Forget healthcare, let's worry about teen sex!

Senate Finance Committee votes to fund abstinence-only sex ed, the same day it kills the public option

Published September 30, 2009 9:31PM (EDT)

We've all heard about the major disappointment of yesterday's Senate Finance Committee meeting. But the defeat of the public option wasn't the senators' only poor decision of the day. As the Associated Press reports, the committee spent the evening approving a measure to restore $50 million of federal funding to abstinence-only sex education. That's right, folks: These 23 senators think it's more important to devote several million dollars to teaching your children lies than to provide a realistic public alternative to a healthcare hell created by private insurance companies. Are you pissed off yet?

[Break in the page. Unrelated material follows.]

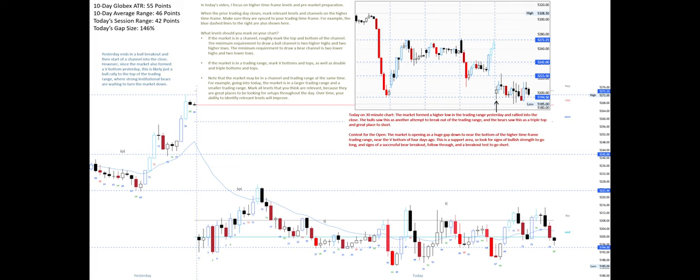Note that the market may be in a channel and a trading range at the same time. For example, going into today the market is in a larger trading range and a smaller trading range. Mark all levels that you think are relevant because they are great places to be looking for setups throughout the day. Over time your ability to identify relevant levels will improve.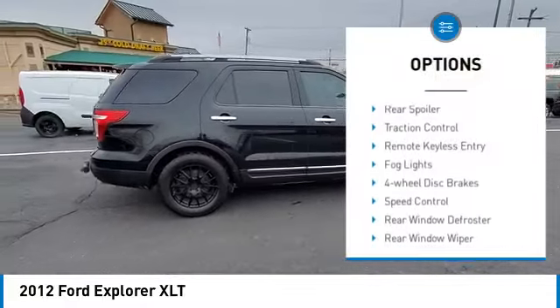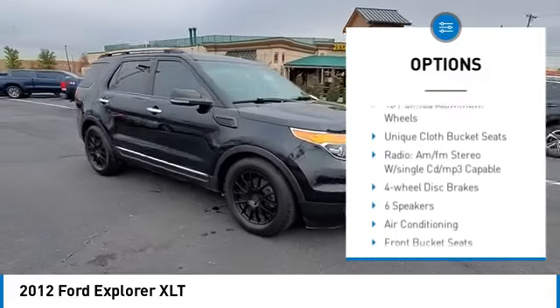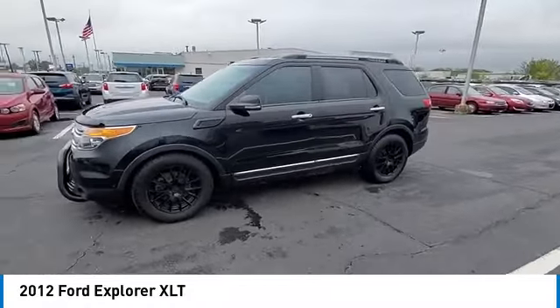Electronic stability control. Alloy wheels. Rear spoiler. Traction control. Remote keyless entry. Fog lights. Four-wheel disc brakes. Speed control. Rear window defroster. Rear window wiper.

The committee voted 12-11 to support the measure by (who else?) Sen. Orrin Hatch. And guess what? As with the public option, it was Democratic disunity that pushed Hatch's plan through. Two Democrats, Kent Conrad of North Dakota and Blanche Lincoln of Arkansas, voted with all 10 Republicans in favor of the measure. (At least Baucus was on the right side of this one. According to the AP, "Hatch said abstinence education had been shown to work, though Baucus disagreed." Of course, unless by "work" Hatch means "increase the teen birth rate," we know who's got the facts on his side.)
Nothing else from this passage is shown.